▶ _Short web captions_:
========
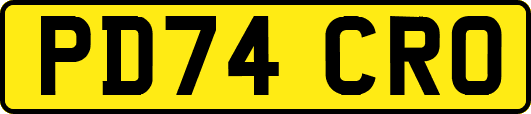 PD74CRO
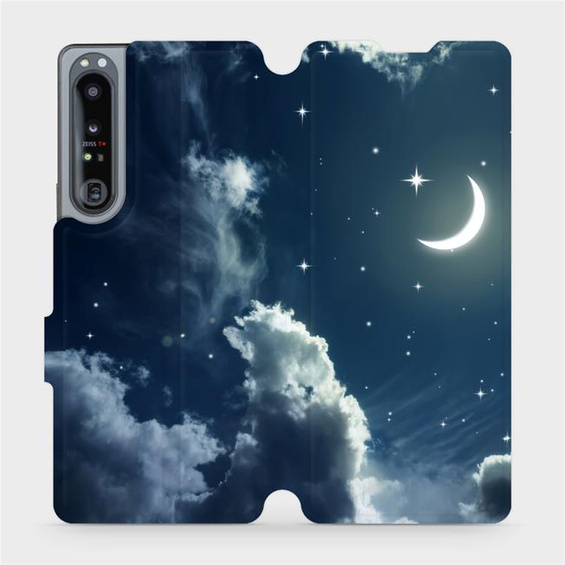 Hülle für Sony Xperia 1 IV - Farbe V145P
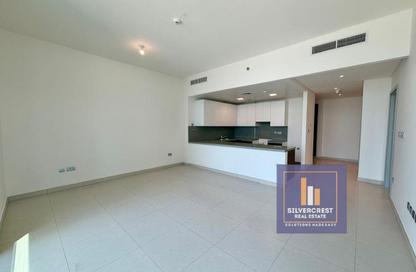 Apartment - 1 Bedroom - 2 Bathrooms for rent in Canal Residence - Al Reem Island - Abu Dhabi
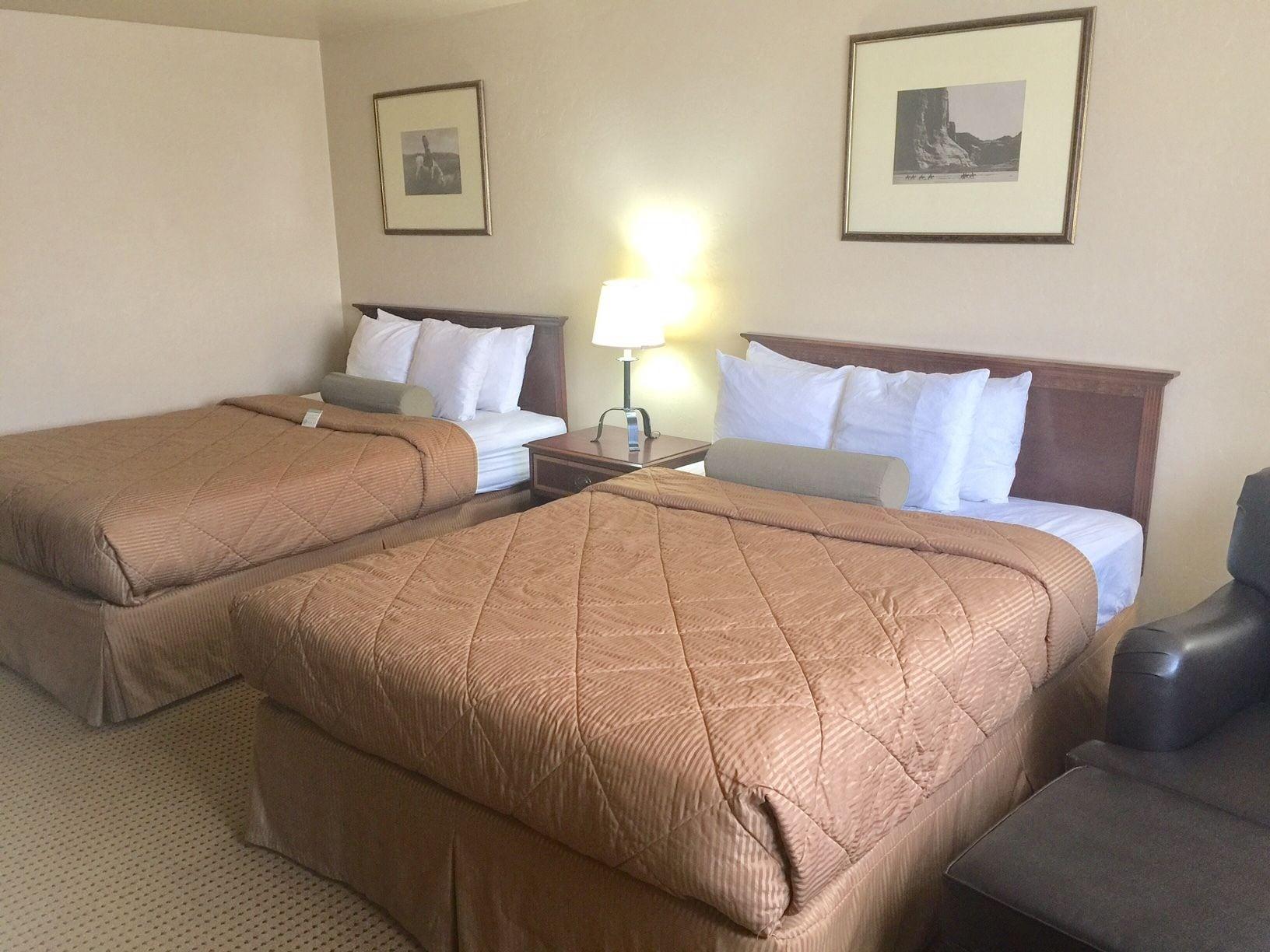 Rodeway Locanda Fort Morgan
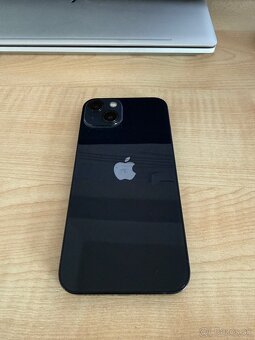 iPhone 13 256gb midnight - 8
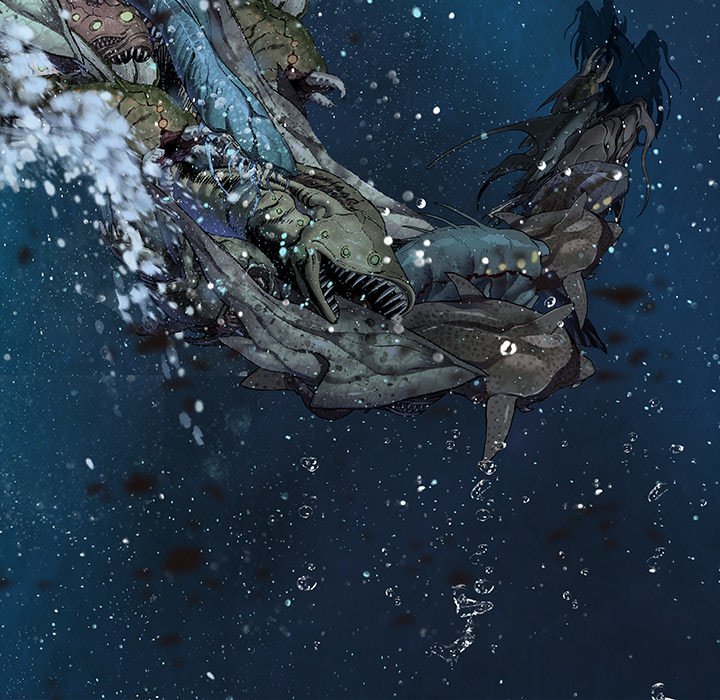 Read Leviathan Manga Online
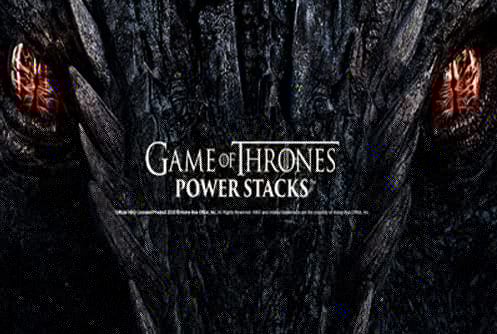 Game of Thrones Power Stacks Slot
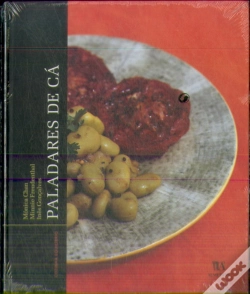 Capa do artigo Paladares de Cá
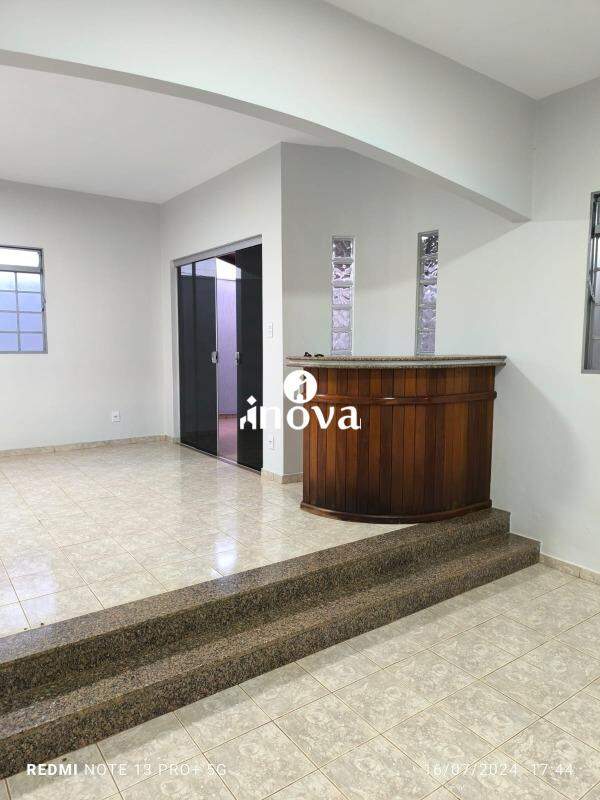 Casa à venda no Santa Maria: 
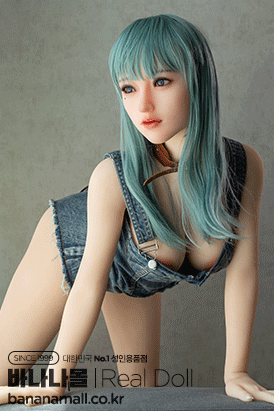 [전신 리얼돌] 웬디(Wendy) 168cm D컵 #T1헤드 - TPE 러브돌 Sanhui Doll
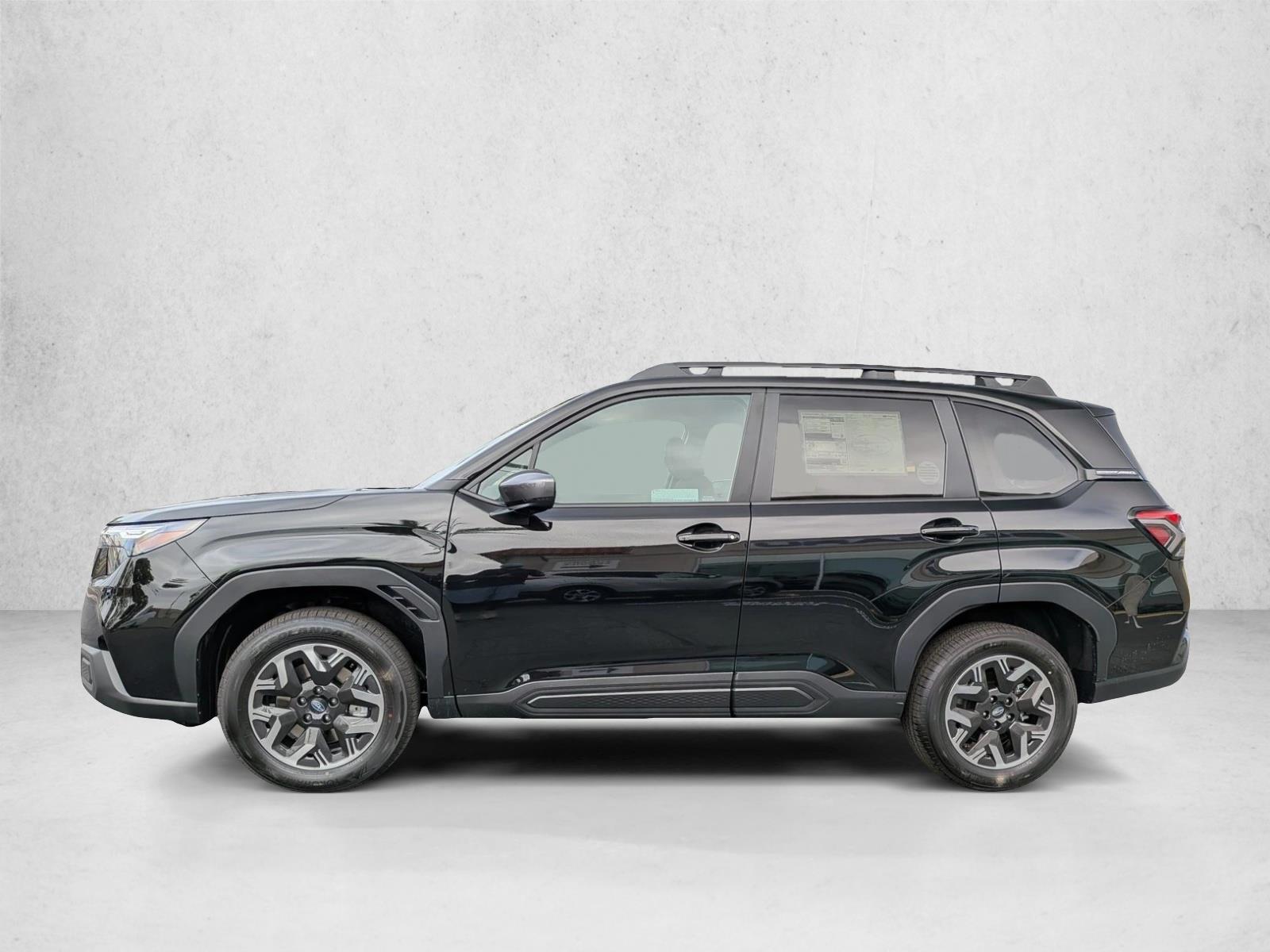 Thumbnail: 2026 Subaru Forester - 2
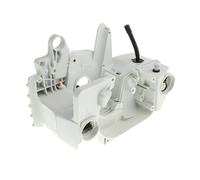 UYTGFO FIT for S-T-I-H-L 021 023 025 MS210 MS230 MS250 Chainsaw Complete Engine CRANKCASE
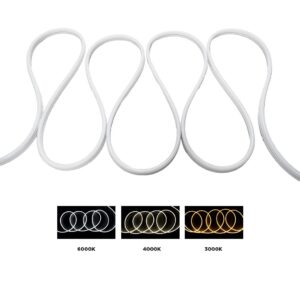 230V Dryft Side Bend Neon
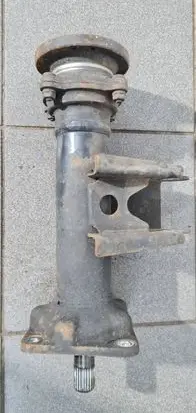 Nissan Terrano Front driveshaft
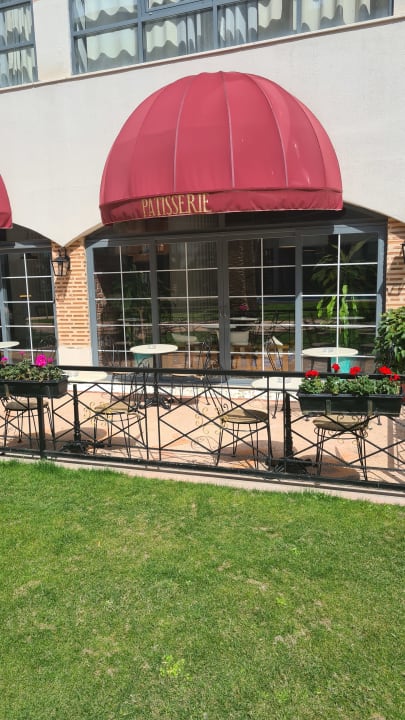 Sonstiges Limak Limra Hotel & Resort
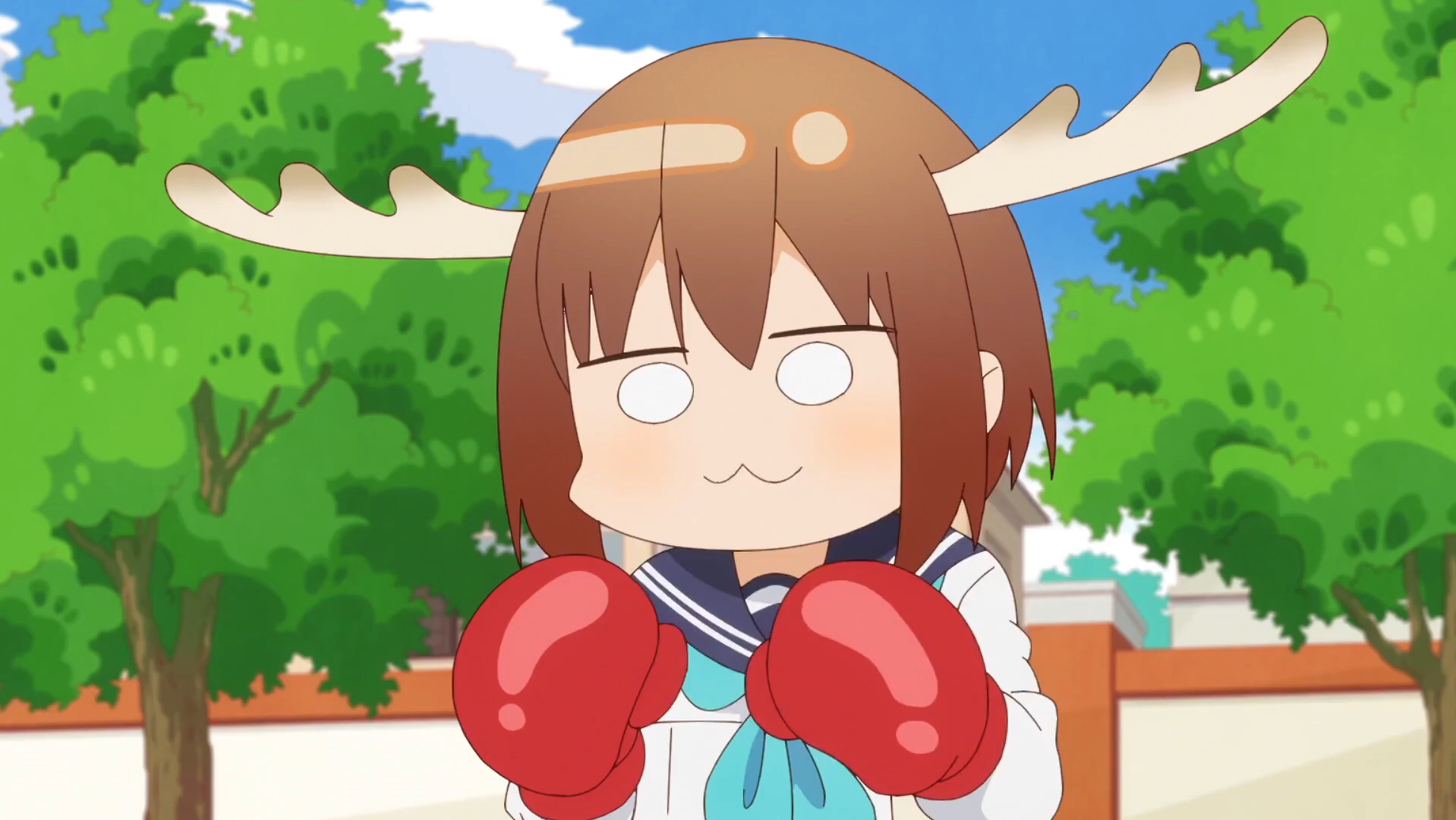 动漫,番名鹿乃子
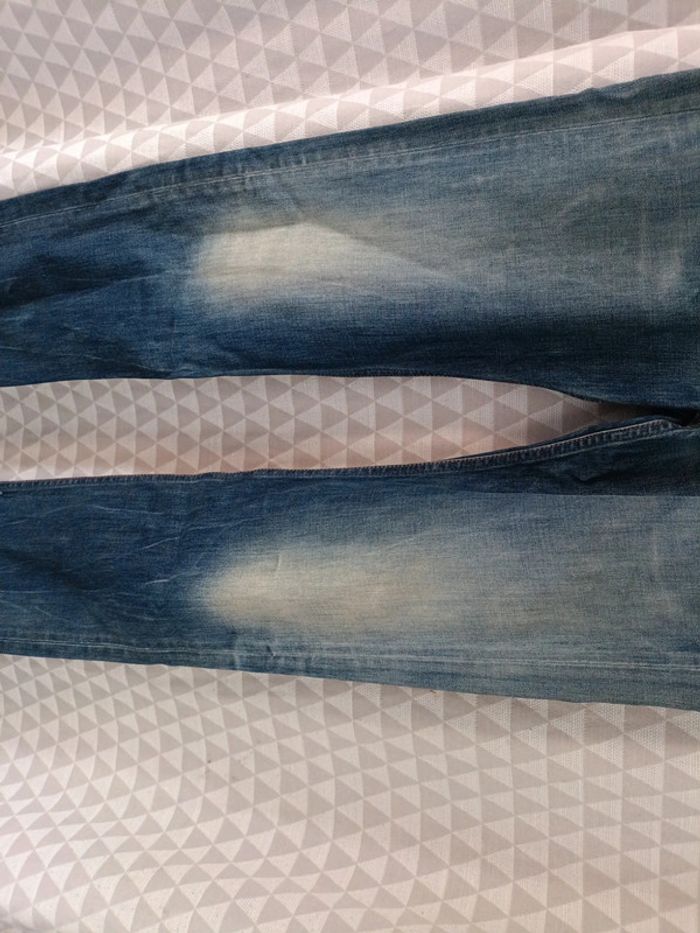 Jean Pepe jeans (32/32) taille 42 neuf - photo numéro 12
========
▶ _Task description_:
Please write out every entry exactly, but skip the pictures.

▶ _Solution to this problem_:
 PD74CRO
 Hülle für Sony Xperia 1 IV - Farbe V145P
 Apartment - 1 Bedroom - 2 Bathrooms for rent in Canal Residence - Al Reem Island - Abu Dhabi
 Rodeway Locanda Fort Morgan
 iPhone 13 256gb midnight - 8
 Read Leviathan Manga Online
 Game of Thrones Power Stacks Slot
 Capa do artigo Paladares de Cá
 Casa à venda no Santa Maria: 
 [전신 리얼돌] 웬디(Wendy) 168cm D컵 #T1헤드 - TPE 러브돌 Sanhui Doll
 Thumbnail: 2026 Subaru Forester - 2
 UYTGFO FIT for S-T-I-H-L 021 023 025 MS210 MS230 MS250 Chainsaw Complete Engine CRANKCASE
 230V Dryft Side Bend Neon
 Nissan Terrano Front driveshaft
 Sonstiges Limak Limra Hotel & Resort
 动漫,番名鹿乃子
 Jean Pepe jeans (32/32) taille 42 neuf - photo numéro 12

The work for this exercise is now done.